* PROBLEM DESCRIPTION
Images aside, return all the entries exactly.

* SOURCE MATERIAL
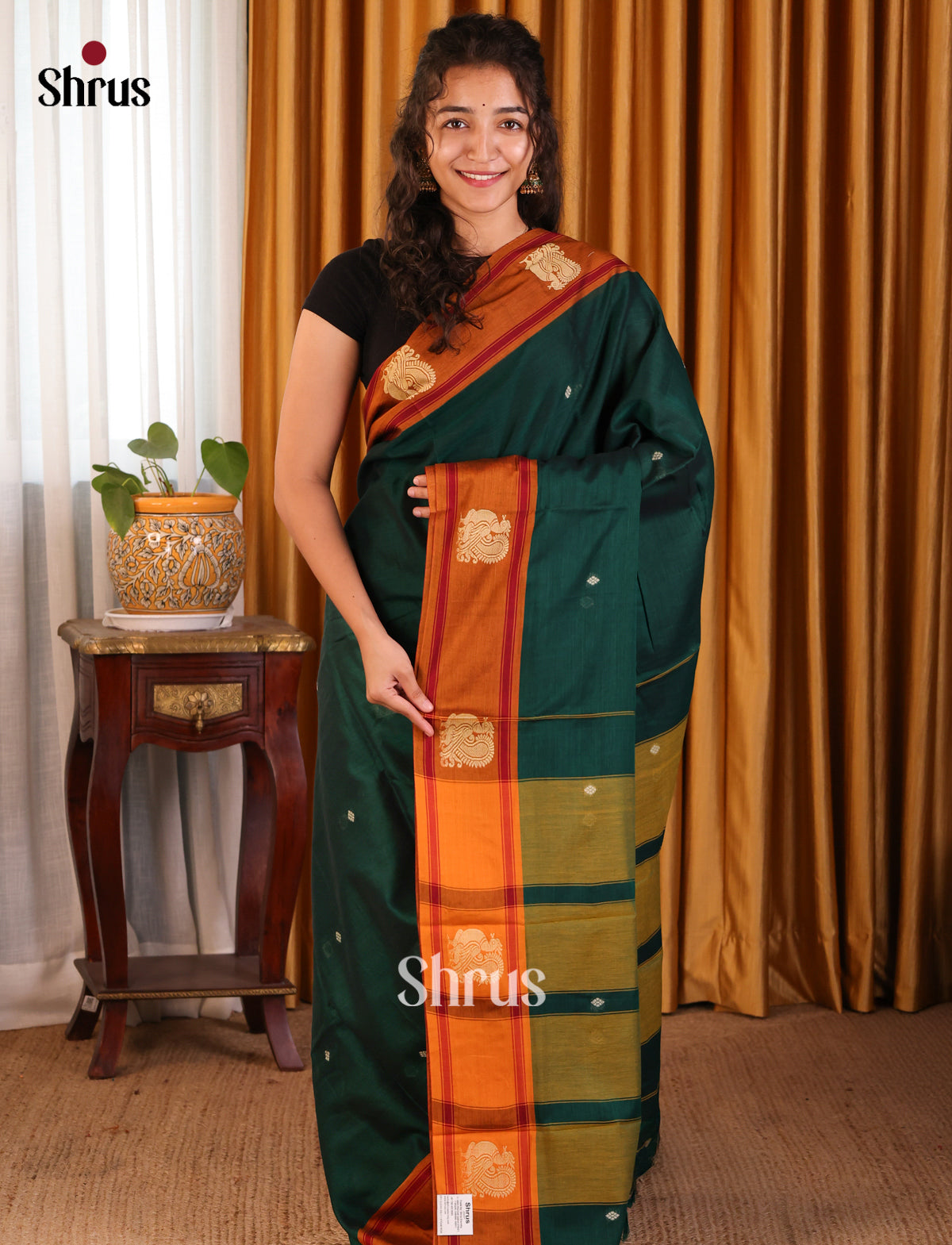 Green with Orange - Narayanpet Cotton Saree - Shop on Shrus.com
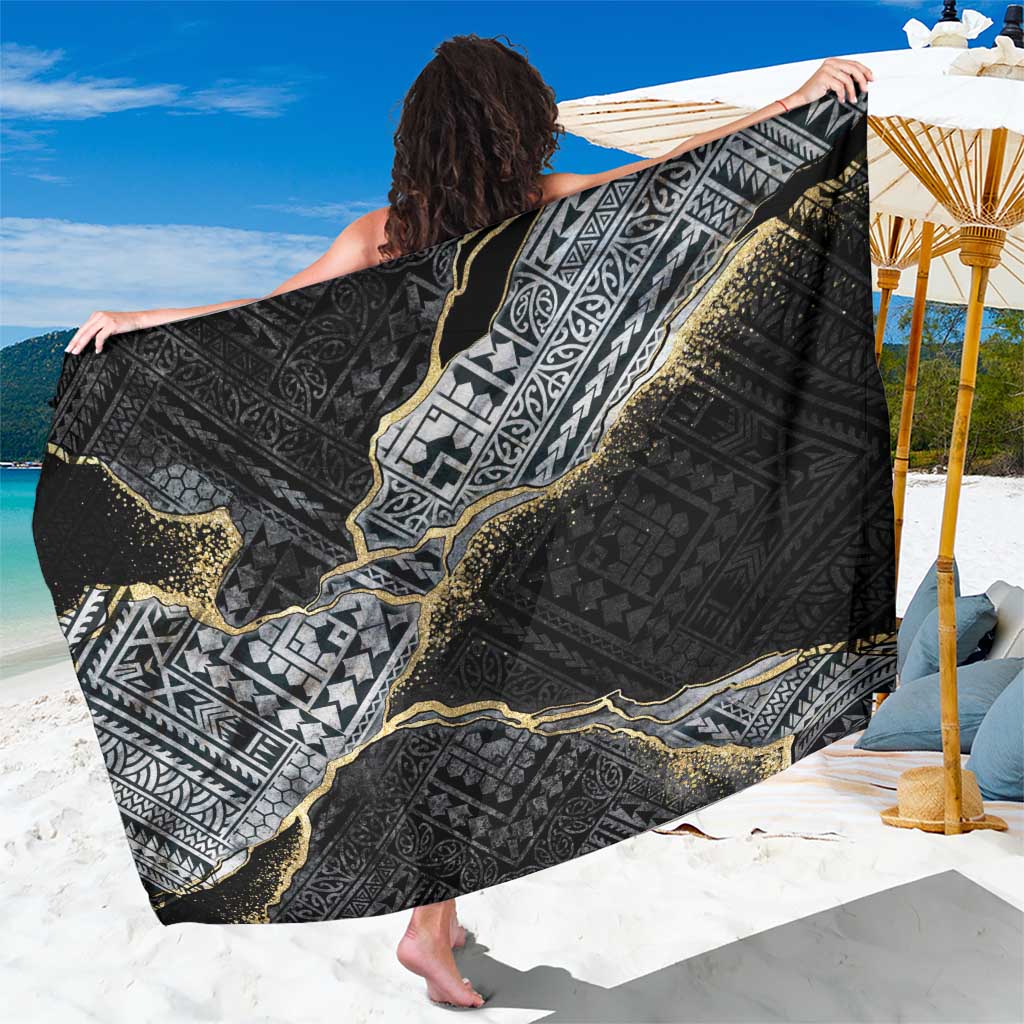 Polynesian Tribal Tattoo Sarong Dark Marble Pattern LT9 One Size 44 x 66 inches Black - Polynesian Pride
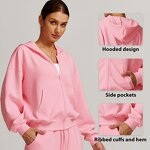 Women's Hoodie Manufacturer - OEM/ODM Custom Full Open Zipper Loose Hoodie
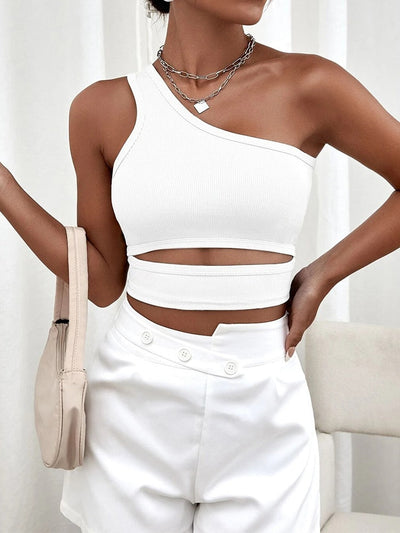 Loren - Trendigt One Shoulder Top med Utskärningar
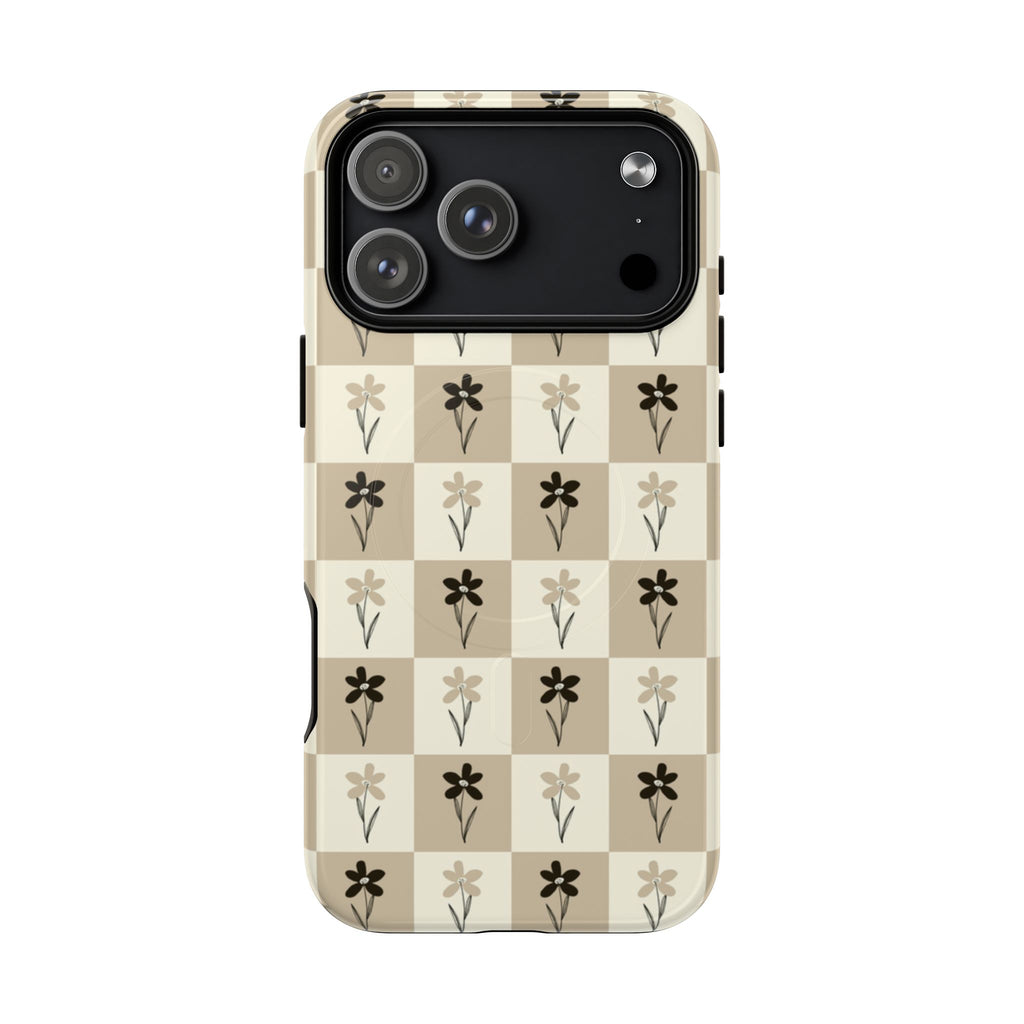 Floral Checkered Tough Magnetic Phone Case — Beige Vintage Flower Grid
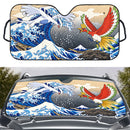 Hoho Vs Lugia Pokemon The Great Wave Custom Car Windshield Sunshades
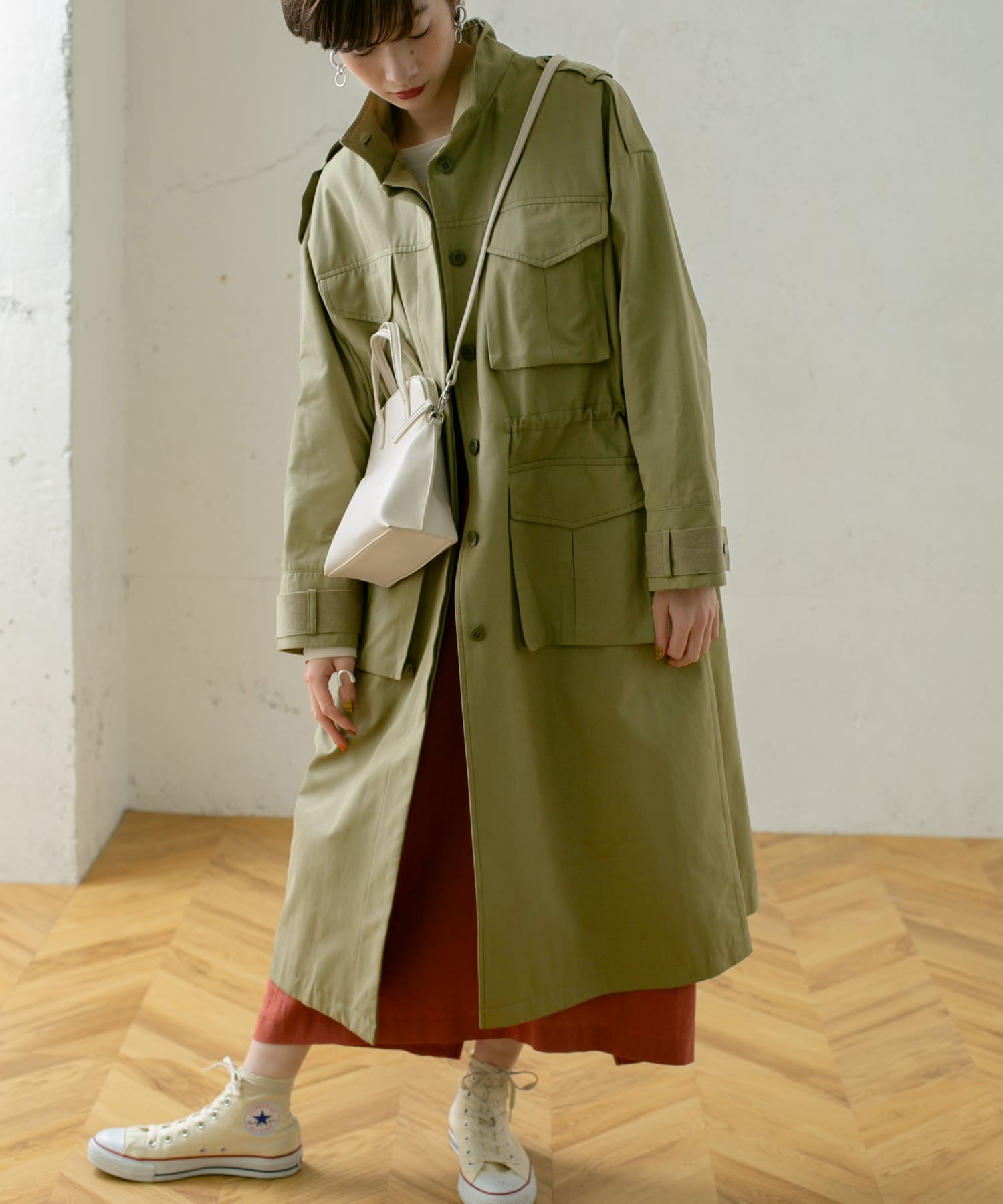 ドロストミリタリーコート KHAKI one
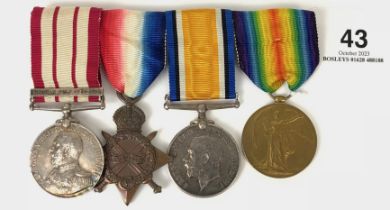 Royal Navy WW1 Naval General Service Medal Officer's Group of 4 Medals. Awarded to later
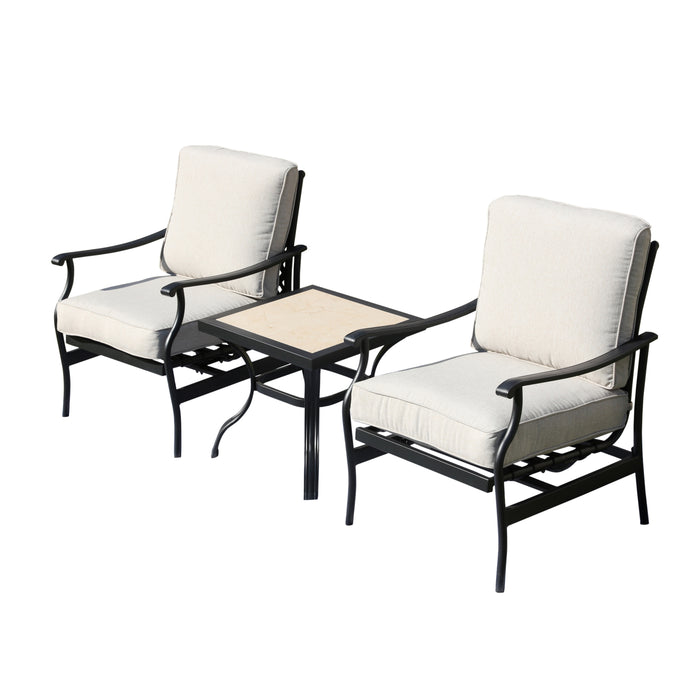 3-Piece Patio Bistro Set Metal Dining Chairs with Thick Cushions and Ceramic Top Side Table (Beige)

* ANSWER
 Green with Orange - Narayanpet Cotton Saree - Shop on Shrus.com
 Polynesian Tribal Tattoo Sarong Dark Marble Pattern LT9 One Size 44 x 66 inches Black - Polynesian Pride
 Women's Hoodie Manufacturer - OEM/ODM Custom Full Open Zipper Loose Hoodie
 Loren - Trendigt One Shoulder Top med Utskärningar
 Floral Checkered Tough Magnetic Phone Case — Beige Vintage Flower Grid
 Hoho Vs Lugia Pokemon The Great Wave Custom Car Windshield Sunshades
 ドロストミリタリーコート KHAKI one
 Royal Navy WW1 Naval General Service Medal Officer's Group of 4 Medals. Awarded to later
 3-Piece Patio Bistro Set Metal Dining Chairs with Thick Cushions and Ceramic Top Side Table (Beige)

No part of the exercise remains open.